Marine animals and birds mistake the debris for food and consume chunks of these harmful materials. These animals eat to survive, but end up dying from their meals. If they do not mistake the trash for food, the animals are still in danger of getting trapped or strangled by the scraps of plastic.
Marine creatures that live at the bottom of the ocean die from not getting the sunlight they need due to the large pile blocking it.
The trash heap is not the fault of any one continent. The entire world is accountable. “Because the Great Pacific Garbage Patch is so far from any country’s coastline, no nation will take responsibility or provide the funding to clean it up,” a National Geographic article reported.
Cleaning up the heap of waste will be difficult. Shelp said, “It will require a very costly effort to protect the already pollution damaged Pacific coastline.”

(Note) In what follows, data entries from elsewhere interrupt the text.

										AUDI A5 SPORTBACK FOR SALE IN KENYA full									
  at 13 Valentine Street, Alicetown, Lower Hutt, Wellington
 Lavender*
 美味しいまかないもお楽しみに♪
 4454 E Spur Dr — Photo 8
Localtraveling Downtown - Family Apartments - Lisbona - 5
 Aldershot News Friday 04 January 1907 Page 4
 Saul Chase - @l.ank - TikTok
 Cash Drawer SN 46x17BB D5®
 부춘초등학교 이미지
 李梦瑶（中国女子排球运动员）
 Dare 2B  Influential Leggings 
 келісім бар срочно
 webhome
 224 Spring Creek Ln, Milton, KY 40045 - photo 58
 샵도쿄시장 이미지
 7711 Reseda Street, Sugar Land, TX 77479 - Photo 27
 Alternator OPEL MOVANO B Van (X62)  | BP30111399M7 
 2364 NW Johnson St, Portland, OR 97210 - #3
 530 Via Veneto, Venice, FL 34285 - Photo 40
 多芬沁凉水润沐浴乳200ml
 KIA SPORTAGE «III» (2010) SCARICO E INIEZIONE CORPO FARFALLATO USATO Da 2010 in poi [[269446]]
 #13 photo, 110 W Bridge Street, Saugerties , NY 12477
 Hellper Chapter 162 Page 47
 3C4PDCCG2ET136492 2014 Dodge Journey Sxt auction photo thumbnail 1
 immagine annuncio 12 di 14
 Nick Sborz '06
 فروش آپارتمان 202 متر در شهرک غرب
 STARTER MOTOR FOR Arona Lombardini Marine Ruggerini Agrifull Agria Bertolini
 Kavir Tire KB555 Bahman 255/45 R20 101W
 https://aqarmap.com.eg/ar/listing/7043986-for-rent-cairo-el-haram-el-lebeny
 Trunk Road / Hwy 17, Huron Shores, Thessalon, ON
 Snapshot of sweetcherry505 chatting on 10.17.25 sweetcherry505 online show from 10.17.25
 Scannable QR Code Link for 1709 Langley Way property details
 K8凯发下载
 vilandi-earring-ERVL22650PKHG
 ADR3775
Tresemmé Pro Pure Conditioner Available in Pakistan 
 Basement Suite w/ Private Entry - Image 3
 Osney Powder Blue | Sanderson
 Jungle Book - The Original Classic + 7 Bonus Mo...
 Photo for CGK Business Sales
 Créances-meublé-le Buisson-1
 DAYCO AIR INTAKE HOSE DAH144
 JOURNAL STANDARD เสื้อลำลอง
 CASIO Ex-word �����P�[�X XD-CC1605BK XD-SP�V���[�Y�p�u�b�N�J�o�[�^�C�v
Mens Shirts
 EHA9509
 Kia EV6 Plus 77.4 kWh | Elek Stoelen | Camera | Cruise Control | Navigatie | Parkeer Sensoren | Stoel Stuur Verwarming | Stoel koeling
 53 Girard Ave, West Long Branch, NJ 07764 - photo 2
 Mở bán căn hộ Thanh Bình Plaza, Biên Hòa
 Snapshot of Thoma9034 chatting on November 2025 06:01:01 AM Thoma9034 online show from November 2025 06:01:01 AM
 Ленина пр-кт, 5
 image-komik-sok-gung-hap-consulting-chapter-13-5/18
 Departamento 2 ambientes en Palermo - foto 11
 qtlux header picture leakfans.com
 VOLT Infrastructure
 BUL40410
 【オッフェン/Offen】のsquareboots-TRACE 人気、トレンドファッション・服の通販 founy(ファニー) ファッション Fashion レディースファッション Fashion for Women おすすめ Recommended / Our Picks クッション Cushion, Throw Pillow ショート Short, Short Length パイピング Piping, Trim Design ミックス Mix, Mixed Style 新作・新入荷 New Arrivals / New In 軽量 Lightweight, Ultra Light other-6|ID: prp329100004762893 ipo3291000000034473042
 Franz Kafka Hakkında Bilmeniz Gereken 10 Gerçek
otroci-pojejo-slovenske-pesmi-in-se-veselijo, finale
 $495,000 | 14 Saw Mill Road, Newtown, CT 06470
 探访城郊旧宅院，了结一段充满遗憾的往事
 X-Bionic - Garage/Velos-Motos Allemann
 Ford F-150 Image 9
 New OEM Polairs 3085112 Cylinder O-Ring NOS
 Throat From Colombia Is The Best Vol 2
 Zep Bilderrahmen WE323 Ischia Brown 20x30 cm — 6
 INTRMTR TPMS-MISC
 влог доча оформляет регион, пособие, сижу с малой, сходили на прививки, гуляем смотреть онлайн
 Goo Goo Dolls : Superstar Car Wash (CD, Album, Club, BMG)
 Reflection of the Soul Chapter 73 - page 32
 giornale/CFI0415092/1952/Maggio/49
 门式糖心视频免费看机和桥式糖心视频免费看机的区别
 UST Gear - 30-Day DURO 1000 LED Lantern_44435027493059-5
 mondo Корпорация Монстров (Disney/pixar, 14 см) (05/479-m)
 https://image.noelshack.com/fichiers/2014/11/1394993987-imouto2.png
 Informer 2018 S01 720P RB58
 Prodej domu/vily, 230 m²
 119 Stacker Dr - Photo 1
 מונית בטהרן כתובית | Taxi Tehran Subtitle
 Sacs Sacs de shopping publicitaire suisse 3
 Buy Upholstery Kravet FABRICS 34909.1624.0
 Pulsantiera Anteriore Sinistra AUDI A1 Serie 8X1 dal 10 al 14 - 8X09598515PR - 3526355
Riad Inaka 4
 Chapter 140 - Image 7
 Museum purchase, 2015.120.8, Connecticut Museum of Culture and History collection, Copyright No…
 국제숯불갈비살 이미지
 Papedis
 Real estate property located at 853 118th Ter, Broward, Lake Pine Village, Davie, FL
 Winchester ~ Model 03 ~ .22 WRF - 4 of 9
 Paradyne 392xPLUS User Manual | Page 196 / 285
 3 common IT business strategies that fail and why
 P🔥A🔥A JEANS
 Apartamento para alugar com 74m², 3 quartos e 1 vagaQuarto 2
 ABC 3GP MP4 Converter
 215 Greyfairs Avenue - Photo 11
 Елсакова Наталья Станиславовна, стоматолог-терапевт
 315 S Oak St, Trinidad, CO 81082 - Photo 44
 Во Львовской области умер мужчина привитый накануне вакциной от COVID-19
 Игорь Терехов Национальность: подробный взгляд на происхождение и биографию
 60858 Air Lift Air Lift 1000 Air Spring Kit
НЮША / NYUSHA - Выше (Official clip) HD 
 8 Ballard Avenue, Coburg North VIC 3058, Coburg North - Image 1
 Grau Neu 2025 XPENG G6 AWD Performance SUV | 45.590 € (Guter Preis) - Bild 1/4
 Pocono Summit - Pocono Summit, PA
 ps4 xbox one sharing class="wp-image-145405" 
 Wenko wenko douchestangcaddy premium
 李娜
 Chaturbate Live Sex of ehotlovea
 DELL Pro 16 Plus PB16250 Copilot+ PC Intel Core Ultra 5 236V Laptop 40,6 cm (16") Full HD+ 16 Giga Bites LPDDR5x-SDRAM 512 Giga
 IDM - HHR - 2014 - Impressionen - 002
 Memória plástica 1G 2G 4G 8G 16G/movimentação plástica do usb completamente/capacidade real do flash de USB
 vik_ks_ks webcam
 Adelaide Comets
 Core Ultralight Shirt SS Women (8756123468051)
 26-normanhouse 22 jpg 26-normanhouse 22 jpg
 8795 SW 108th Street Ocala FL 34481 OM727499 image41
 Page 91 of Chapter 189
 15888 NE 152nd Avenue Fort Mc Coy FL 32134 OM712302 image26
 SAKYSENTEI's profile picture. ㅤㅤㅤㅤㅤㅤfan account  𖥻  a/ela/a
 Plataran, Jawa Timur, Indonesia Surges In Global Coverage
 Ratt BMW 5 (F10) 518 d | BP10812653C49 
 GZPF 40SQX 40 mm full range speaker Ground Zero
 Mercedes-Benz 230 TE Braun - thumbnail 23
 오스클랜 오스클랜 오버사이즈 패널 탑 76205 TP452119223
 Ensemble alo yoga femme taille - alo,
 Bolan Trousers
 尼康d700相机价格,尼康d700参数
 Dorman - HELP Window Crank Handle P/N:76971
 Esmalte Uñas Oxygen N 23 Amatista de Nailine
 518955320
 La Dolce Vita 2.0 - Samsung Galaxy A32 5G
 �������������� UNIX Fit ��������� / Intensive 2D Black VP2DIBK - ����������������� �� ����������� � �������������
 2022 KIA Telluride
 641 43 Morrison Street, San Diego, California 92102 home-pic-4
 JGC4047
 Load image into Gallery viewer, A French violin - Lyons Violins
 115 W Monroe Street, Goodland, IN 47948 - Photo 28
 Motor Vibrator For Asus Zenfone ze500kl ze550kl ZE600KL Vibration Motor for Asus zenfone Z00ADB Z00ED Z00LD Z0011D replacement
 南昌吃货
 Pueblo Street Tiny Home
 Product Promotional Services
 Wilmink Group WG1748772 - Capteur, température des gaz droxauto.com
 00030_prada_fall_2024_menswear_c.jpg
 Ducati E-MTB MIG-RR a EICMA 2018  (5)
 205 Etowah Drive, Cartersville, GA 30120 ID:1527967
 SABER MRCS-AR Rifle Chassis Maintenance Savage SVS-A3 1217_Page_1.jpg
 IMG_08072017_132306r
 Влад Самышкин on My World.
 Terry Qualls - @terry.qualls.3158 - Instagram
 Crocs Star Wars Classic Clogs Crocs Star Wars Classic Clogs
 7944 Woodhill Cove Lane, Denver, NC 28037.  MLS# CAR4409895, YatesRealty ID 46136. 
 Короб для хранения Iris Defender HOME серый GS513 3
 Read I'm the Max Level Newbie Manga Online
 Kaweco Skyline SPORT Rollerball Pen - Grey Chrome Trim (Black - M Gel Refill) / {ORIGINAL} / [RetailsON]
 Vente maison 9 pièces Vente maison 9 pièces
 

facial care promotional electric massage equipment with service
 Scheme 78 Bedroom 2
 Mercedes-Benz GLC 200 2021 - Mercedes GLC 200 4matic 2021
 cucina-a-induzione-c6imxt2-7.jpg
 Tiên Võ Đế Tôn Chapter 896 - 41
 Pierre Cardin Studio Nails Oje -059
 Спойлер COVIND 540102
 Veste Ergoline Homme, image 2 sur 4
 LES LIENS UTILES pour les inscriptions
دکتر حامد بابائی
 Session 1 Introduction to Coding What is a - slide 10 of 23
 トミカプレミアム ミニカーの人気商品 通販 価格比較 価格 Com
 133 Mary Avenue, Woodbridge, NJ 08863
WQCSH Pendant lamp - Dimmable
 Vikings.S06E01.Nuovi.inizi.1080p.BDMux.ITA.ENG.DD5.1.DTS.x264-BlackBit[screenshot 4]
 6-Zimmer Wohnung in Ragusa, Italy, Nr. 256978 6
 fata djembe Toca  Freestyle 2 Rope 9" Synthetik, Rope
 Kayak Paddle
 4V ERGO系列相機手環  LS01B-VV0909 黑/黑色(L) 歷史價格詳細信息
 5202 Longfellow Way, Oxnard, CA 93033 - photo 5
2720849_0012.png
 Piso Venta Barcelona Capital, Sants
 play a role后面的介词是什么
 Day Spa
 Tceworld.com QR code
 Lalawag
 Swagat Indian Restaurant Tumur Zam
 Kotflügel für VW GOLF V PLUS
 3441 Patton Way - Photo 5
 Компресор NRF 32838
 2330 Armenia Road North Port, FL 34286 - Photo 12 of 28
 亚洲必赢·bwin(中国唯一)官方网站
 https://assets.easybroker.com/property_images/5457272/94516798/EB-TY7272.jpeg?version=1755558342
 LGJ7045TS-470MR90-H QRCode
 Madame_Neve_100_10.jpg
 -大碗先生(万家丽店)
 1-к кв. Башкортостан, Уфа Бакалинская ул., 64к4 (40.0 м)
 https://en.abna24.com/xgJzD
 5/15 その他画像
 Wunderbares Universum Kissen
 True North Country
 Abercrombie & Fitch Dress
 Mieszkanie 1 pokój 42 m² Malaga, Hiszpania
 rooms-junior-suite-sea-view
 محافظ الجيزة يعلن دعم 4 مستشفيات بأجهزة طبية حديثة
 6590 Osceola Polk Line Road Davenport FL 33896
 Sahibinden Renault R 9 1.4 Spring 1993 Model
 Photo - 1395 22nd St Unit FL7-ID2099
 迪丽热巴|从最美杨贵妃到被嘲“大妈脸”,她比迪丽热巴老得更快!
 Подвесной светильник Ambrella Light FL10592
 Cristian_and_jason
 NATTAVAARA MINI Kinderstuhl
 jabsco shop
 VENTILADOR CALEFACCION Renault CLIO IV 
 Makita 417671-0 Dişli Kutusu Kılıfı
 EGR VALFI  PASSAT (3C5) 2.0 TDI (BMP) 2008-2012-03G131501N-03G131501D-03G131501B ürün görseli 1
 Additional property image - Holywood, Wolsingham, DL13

People like Chris Jordan, an artist and green activist, and Charles Moore, who dis- covered this garbage patch in 1997, will make sure people are aware of the problems of waste management if habits do not change.
In 2009, Jordan traveled to Midway Atoll, an island halfway between Asia and North America that is home to nesting seabirds.
The island is surrounded by the Pacific Ocean and is suffering from the leftovers of human consumption. While at the site, Jordan witnessed the decomposition of birds and chicks. He observed bottle caps, lighters, plastic chunks and other harmful debris in the stomachs of the dead seabirds.
In a National Geographic article, Chris Dinesen Rogers said, “The EPA [Environmental Protection Agency] estimates that more than 100,000 marine mammals die each year from ingestion or entanglement with floating plastic debris.
Recycling plastic helps keep these hazardous substances away from wildlife, while humans also benefit from clean beaches and wetlands.”